▶ [REQUIREMENT]
Produce a character-for-character copy of the data below.

#### DATASET ENTRIES ####

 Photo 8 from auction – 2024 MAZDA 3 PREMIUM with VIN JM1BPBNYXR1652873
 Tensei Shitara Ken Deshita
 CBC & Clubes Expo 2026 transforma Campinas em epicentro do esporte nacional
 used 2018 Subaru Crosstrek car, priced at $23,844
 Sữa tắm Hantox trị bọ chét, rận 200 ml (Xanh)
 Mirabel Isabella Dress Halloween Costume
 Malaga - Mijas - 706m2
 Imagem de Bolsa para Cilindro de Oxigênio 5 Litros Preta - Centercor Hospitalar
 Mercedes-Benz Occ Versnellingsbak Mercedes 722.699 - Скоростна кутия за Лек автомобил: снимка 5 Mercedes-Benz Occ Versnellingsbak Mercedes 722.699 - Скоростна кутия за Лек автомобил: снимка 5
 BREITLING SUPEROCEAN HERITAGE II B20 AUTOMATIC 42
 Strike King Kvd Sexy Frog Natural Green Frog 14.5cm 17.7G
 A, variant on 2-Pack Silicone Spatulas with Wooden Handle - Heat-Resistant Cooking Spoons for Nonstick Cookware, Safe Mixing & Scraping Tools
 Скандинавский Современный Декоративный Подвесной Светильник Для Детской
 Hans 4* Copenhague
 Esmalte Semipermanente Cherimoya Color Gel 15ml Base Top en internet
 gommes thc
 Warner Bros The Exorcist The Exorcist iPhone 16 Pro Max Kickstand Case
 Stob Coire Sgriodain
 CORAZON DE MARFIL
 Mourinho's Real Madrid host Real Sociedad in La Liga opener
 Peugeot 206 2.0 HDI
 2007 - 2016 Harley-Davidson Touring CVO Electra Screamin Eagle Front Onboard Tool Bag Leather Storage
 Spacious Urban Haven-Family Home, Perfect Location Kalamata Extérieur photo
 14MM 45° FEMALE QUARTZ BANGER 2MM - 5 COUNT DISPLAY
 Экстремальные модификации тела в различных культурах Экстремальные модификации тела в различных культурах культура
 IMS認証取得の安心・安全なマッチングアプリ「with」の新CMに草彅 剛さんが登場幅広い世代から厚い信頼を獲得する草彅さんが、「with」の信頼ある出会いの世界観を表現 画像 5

####

▶ [SOLUTION FOR THIS PROBLEM]
 Photo 8 from auction – 2024 MAZDA 3 PREMIUM with VIN JM1BPBNYXR1652873
 Tensei Shitara Ken Deshita
 CBC & Clubes Expo 2026 transforma Campinas em epicentro do esporte nacional
 used 2018 Subaru Crosstrek car, priced at $23,844
 Sữa tắm Hantox trị bọ chét, rận 200 ml (Xanh)
 Mirabel Isabella Dress Halloween Costume
 Malaga - Mijas - 706m2
 Imagem de Bolsa para Cilindro de Oxigênio 5 Litros Preta - Centercor Hospitalar
 Mercedes-Benz Occ Versnellingsbak Mercedes 722.699 - Скоростна кутия за Лек автомобил: снимка 5 Mercedes-Benz Occ Versnellingsbak Mercedes 722.699 - Скоростна кутия за Лек автомобил: снимка 5
 BREITLING SUPEROCEAN HERITAGE II B20 AUTOMATIC 42
 Strike King Kvd Sexy Frog Natural Green Frog 14.5cm 17.7G
 A, variant on 2-Pack Silicone Spatulas with Wooden Handle - Heat-Resistant Cooking Spoons for Nonstick Cookware, Safe Mixing & Scraping Tools
 Скандинавский Современный Декоративный Подвесной Светильник Для Детской
 Hans 4* Copenhague
 Esmalte Semipermanente Cherimoya Color Gel 15ml Base Top en internet
 gommes thc
 Warner Bros The Exorcist The Exorcist iPhone 16 Pro Max Kickstand Case
 Stob Coire Sgriodain
 CORAZON DE MARFIL
 Mourinho's Real Madrid host Real Sociedad in La Liga opener
 Peugeot 206 2.0 HDI
 2007 - 2016 Harley-Davidson Touring CVO Electra Screamin Eagle Front Onboard Tool Bag Leather Storage
 Spacious Urban Haven-Family Home, Perfect Location Kalamata Extérieur photo
 14MM 45° FEMALE QUARTZ BANGER 2MM - 5 COUNT DISPLAY
 Экстремальные модификации тела в различных культурах Экстремальные модификации тела в различных культурах культура
 IMS認証取得の安心・安全なマッチングアプリ「with」の新CMに草彅 剛さんが登場幅広い世代から厚い信頼を獲得する草彅さんが、「with」の信頼ある出会いの世界観を表現 画像 5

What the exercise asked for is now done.